> **Instructions for the task**
Below are the entries. Print only the lines starting at the one with "House of dagmar" and ending at the one with "128 Bonds Road, Thirlmere NSW 2572", exactly, with no pictures.

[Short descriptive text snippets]

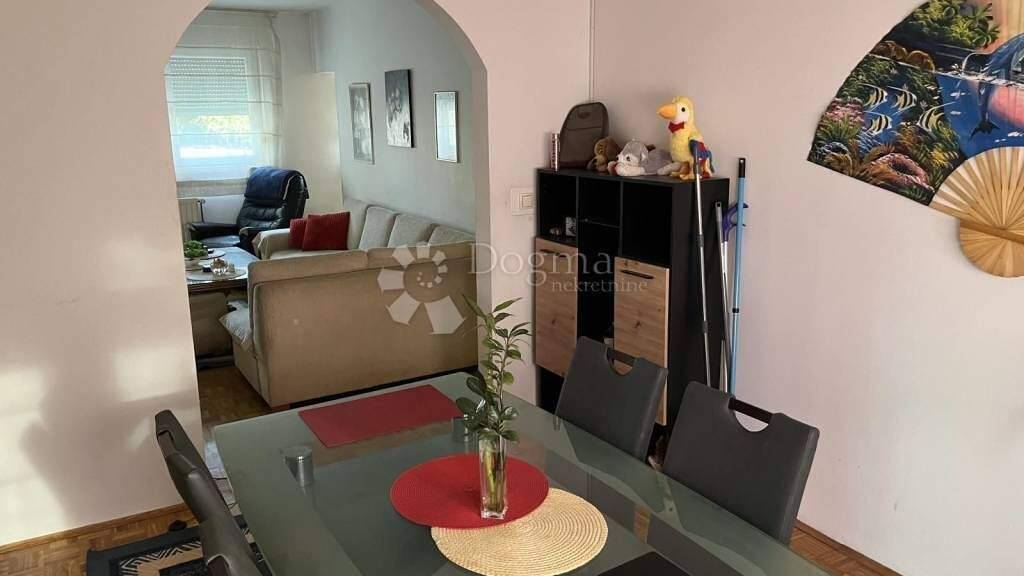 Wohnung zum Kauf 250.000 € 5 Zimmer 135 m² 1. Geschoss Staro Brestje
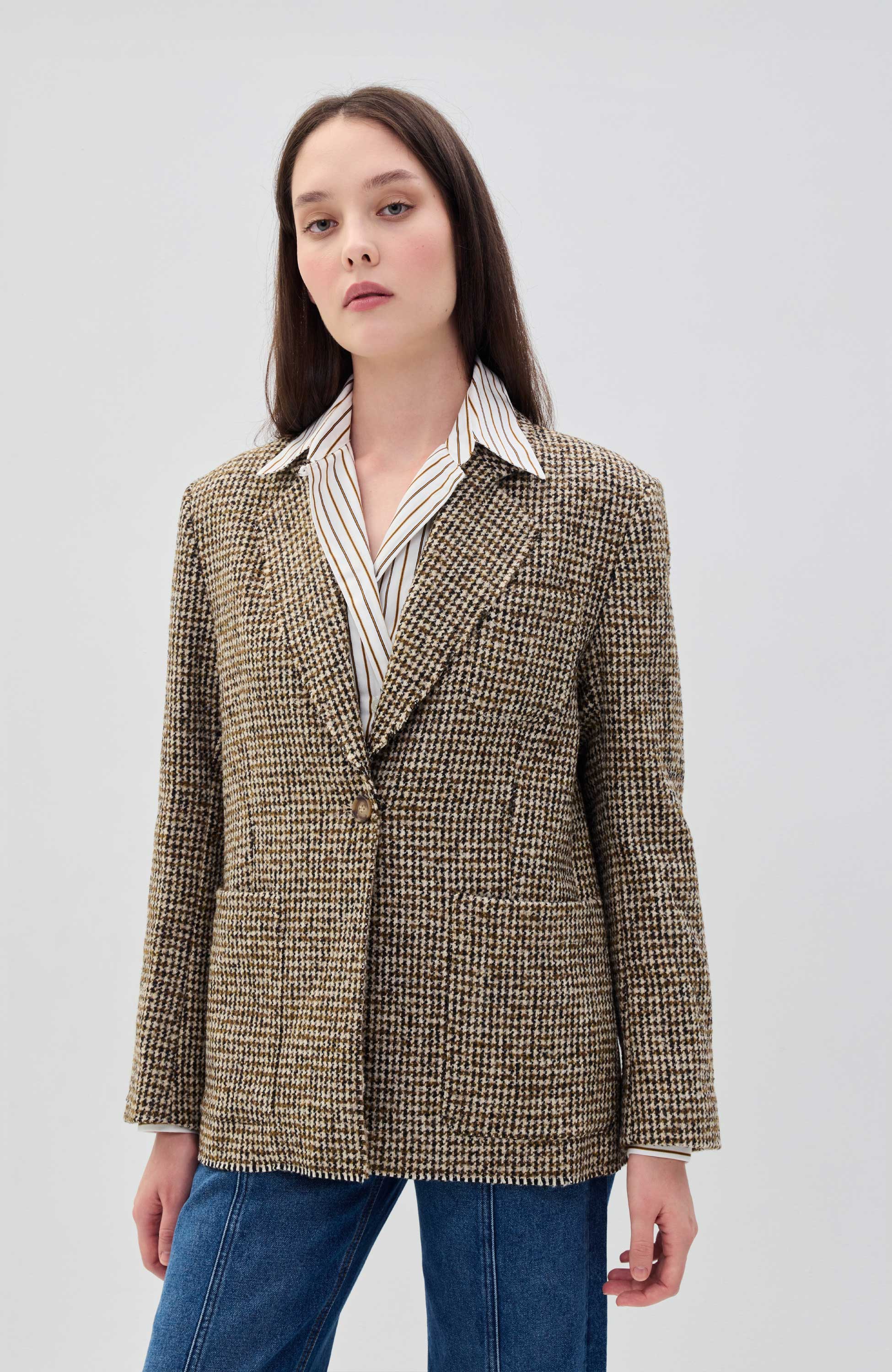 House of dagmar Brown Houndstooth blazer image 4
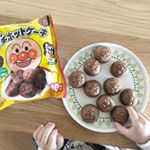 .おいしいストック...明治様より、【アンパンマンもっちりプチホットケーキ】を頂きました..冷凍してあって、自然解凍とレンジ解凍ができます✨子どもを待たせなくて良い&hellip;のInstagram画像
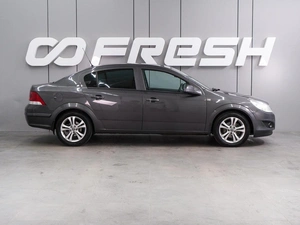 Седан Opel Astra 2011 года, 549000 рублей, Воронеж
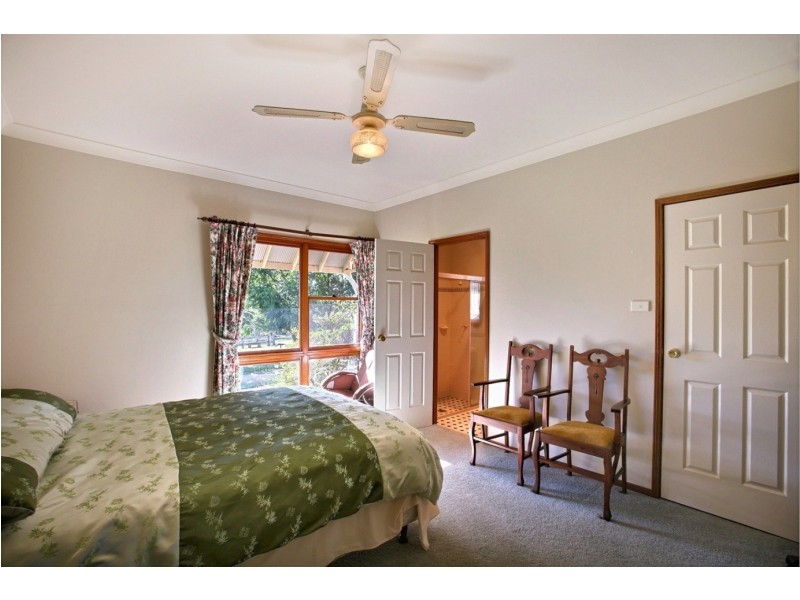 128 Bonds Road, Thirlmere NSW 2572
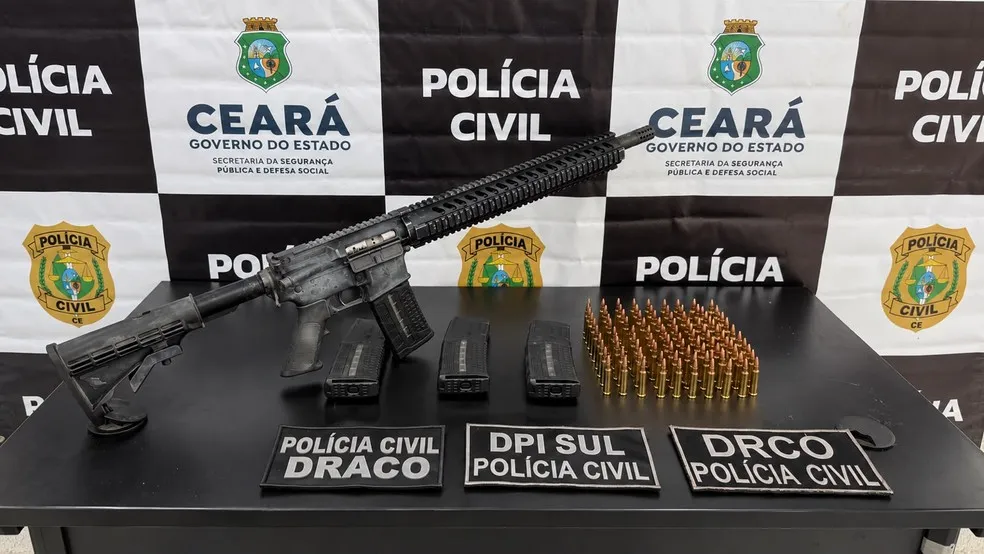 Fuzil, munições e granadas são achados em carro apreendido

> **Answer section**
 House of dagmar Brown Houndstooth blazer image 4
 .おいしいストック...明治様より、【アンパンマンもっちりプチホットケーキ】を頂きました..冷凍してあって、自然解凍とレンジ解凍ができます✨子どもを待たせなくて良い&hellip;のInstagram画像
 Седан Opel Astra 2011 года, 549000 рублей, Воронеж
 128 Bonds Road, Thirlmere NSW 2572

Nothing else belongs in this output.